IRVING BERLIN'S WHITE CHRISTMAS, THE MAYFLOWER, SOUTHAMPTON

NOT all the best things happen when you're dancing - but Tim Flavin's toe-tapping feet take a lot of beating.

Filling the shoes of Danny Kaye and Bing Crosby was never an option, but Flavin and Craig McLachlan are playing song and dance men Davis and Wallace, not Kaye and Crosby, and a damned fine job they do of it too.

Irving Berlin's White Christmas is, of course, one of THE great Christmas movies, but it was never perfect.

What this new stage version has done is take out the bits that worked least well, add in some more great Berlin tunes, and tidy up the story line.

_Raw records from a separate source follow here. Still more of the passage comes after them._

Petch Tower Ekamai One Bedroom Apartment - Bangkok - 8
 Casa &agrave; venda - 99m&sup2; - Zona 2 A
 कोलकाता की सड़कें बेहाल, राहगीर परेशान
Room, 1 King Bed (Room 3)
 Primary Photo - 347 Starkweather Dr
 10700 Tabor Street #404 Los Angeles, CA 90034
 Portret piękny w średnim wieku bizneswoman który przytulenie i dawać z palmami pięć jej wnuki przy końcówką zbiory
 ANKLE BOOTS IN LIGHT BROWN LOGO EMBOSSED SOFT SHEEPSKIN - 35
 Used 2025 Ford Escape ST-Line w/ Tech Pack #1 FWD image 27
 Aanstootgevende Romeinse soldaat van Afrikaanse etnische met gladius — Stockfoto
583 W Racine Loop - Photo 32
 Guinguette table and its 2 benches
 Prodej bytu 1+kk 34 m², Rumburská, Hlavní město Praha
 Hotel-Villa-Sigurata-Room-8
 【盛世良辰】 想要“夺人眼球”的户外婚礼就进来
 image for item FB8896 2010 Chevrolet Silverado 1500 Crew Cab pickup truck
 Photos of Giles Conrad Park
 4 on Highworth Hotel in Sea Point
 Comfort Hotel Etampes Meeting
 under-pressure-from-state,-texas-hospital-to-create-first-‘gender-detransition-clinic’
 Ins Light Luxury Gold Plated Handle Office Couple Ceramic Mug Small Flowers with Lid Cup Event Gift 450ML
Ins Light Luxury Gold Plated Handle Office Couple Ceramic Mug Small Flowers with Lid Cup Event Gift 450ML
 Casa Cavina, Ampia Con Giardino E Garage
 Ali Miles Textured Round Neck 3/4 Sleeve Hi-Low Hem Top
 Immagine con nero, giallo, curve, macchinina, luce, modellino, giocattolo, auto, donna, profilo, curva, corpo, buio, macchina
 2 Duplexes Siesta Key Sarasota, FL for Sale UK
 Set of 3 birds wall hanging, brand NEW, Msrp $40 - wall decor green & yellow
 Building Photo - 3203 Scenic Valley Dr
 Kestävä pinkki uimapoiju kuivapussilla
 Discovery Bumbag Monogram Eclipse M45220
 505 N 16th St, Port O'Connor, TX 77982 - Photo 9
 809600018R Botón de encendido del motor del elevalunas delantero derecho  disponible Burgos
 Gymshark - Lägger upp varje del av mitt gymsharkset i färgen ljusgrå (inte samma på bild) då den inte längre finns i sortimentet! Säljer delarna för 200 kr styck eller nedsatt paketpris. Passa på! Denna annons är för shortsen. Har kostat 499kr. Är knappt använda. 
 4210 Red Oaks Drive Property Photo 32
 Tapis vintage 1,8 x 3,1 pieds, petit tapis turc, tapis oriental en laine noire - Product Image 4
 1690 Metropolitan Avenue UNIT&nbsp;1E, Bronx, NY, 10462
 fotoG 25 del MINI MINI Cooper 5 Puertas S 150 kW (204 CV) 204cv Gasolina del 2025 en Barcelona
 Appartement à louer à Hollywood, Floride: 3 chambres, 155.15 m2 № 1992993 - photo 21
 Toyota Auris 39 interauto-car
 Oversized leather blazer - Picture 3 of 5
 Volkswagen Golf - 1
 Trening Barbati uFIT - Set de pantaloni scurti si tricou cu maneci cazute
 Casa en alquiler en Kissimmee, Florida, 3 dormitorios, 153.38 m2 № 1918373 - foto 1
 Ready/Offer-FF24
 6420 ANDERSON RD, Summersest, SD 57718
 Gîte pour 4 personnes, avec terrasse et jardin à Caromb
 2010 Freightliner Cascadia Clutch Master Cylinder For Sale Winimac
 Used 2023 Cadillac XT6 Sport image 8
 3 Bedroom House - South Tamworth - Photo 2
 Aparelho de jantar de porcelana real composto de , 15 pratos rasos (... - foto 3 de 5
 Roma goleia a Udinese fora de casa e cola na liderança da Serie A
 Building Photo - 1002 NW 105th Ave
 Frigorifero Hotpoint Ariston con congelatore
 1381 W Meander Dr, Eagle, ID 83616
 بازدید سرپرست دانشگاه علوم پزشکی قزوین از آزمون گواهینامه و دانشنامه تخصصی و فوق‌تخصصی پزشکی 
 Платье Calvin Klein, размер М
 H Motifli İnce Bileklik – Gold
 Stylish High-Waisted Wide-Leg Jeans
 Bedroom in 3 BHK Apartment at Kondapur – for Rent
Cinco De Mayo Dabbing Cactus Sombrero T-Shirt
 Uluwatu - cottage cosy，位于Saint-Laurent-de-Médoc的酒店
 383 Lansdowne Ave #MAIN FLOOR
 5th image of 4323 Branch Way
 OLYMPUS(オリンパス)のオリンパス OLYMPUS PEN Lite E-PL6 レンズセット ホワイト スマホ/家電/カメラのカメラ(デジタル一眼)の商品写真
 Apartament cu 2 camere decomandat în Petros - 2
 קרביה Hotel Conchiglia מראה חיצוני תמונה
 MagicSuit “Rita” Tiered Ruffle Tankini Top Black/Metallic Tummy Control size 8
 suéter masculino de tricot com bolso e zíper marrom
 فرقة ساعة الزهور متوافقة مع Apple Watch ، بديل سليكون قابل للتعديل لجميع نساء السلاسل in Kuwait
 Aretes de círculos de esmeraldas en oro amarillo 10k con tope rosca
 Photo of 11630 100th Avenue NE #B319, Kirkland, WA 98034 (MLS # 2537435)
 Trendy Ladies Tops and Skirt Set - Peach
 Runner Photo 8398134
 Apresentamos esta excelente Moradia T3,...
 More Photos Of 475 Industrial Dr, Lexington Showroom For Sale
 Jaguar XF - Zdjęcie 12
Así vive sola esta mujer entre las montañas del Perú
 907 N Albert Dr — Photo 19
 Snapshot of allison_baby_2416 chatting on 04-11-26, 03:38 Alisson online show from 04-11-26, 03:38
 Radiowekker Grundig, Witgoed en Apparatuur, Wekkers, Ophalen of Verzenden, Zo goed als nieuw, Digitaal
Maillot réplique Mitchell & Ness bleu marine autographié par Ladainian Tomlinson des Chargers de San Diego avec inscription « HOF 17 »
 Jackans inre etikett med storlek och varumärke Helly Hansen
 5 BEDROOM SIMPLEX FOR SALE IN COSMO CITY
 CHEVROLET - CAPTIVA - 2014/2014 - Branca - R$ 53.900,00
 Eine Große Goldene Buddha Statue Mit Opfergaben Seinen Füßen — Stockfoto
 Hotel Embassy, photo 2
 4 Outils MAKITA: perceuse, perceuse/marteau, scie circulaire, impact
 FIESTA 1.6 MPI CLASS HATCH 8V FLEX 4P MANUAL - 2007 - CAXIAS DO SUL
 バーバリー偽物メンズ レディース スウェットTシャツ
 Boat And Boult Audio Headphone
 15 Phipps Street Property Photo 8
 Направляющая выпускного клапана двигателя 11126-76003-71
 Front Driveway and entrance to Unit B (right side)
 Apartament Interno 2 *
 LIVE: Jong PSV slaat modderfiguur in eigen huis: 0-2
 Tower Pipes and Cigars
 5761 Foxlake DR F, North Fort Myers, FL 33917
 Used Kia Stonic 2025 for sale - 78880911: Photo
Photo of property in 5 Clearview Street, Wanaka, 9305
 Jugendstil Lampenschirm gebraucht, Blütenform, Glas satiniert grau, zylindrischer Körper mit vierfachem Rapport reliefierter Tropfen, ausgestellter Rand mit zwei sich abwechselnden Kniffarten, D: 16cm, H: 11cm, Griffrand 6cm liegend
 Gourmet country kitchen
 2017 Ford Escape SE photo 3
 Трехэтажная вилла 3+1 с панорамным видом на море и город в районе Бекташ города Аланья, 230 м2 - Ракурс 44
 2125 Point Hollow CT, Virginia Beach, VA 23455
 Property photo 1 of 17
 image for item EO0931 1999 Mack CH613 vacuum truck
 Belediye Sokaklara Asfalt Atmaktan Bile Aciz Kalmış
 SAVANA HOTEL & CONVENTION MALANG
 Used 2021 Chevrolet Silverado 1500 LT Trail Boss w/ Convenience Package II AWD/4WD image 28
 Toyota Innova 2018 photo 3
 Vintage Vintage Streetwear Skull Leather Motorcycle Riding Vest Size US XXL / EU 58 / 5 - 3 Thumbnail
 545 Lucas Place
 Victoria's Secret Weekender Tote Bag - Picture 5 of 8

The basic plot remains the same: former servicemen turned Broadway stars Wallace and Davies fall for the singing Haynes sisters (Emma Kate Nelson and Rachel Stanley) and follow them to a winter engagement at a ski lodge in Vermont. It turns out to be the pension plan of retired General Waverley (a gruff Ken Kercheval), but with no snow on the horizon, financial disaster looms until Wallace and Davis hatch a plan.

It's still not perfect - it misses the suspense of Betty's eleventh hour return to Vermont (that gets sorted quite early on) and the emotional hook of war buddies rallying around the general, which always reduces me to tears in the film, doesn't quite work here.

But if you are looking for a feelgood show, with snappy dialogue, great singing and dancing and one of the most iconic songs of all time, look no further.

The central quartet are all excellent, Phil Cole produces a scene-stealing cameo as slow-talking Ezekiel, Katie Reynolds is a cutie-pie as little Susan and there's a roof-raising star turn by Lorna Luft as the housekeeper.

So if you are dreaming of a White Christmas and want to hear sleighbells in the snow, book your ticket to General Waverley's ski lodge now.